Records shown:
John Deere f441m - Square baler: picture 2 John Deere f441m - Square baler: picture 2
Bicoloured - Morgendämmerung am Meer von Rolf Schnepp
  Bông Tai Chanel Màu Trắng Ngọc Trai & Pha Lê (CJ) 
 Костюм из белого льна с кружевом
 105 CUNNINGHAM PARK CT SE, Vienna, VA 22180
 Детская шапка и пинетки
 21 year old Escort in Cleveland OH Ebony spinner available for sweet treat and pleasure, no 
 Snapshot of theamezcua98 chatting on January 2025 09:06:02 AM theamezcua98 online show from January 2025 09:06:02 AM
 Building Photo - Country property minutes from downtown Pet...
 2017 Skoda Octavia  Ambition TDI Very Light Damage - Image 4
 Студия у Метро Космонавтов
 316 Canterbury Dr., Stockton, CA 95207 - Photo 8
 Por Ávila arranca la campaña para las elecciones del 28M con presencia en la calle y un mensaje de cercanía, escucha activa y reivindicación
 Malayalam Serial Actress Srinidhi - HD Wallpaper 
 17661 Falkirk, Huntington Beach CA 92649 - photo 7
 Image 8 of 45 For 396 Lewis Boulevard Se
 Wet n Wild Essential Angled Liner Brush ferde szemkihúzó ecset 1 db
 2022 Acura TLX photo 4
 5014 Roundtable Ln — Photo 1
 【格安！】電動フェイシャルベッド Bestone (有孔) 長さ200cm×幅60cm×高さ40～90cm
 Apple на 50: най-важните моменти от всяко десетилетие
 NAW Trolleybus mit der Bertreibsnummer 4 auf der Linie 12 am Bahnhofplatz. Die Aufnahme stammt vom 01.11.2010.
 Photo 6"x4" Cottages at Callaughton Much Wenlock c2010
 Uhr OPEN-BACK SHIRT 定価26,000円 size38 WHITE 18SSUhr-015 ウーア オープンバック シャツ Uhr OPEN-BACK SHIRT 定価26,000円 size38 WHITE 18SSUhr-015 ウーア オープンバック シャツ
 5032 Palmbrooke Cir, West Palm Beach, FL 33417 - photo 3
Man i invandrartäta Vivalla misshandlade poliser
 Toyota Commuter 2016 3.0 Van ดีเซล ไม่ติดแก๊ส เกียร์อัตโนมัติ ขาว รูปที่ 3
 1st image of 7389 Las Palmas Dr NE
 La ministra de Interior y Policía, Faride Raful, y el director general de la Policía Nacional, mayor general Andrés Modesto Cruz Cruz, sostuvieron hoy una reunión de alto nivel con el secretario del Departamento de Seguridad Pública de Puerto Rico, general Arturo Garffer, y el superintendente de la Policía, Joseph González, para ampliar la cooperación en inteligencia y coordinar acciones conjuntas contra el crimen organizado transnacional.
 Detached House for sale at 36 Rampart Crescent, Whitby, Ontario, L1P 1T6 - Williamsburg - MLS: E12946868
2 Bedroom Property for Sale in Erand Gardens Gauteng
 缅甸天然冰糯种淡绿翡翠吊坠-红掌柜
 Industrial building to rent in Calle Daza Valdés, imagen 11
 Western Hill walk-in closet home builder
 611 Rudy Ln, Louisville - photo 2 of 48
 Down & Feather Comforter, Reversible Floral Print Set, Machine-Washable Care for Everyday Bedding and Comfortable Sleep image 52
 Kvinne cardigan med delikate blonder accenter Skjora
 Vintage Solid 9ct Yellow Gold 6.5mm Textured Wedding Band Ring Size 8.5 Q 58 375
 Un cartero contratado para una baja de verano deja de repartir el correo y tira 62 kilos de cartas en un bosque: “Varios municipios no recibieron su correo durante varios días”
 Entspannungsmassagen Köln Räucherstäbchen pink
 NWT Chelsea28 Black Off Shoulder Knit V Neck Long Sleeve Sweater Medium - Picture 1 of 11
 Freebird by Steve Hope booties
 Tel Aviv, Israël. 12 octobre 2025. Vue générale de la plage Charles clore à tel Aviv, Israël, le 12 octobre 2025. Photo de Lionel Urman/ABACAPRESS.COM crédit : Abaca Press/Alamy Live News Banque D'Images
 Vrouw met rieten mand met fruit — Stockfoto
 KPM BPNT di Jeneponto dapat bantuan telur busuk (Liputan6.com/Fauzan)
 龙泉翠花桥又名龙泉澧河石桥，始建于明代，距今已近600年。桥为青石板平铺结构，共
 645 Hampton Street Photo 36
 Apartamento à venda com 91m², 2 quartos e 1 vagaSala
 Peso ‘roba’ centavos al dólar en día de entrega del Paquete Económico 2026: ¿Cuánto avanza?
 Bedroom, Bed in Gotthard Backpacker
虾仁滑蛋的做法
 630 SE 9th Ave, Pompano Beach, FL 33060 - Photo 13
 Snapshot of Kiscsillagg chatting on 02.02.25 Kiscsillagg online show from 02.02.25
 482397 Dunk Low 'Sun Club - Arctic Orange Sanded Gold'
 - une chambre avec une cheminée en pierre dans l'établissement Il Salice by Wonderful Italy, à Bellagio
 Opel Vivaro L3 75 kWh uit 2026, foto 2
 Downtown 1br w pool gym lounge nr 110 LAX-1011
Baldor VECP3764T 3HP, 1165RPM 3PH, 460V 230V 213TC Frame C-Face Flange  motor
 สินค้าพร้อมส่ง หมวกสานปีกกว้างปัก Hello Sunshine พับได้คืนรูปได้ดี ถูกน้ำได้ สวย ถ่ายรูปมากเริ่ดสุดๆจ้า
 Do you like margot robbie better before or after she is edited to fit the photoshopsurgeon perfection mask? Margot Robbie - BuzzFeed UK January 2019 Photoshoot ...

Goal of the exercise: Pull every line containing "Bedroom" out of the data above.

Response area:
2 Bedroom Property for Sale in Erand Gardens Gauteng
 Bedroom, Bed in Gotthard Backpacker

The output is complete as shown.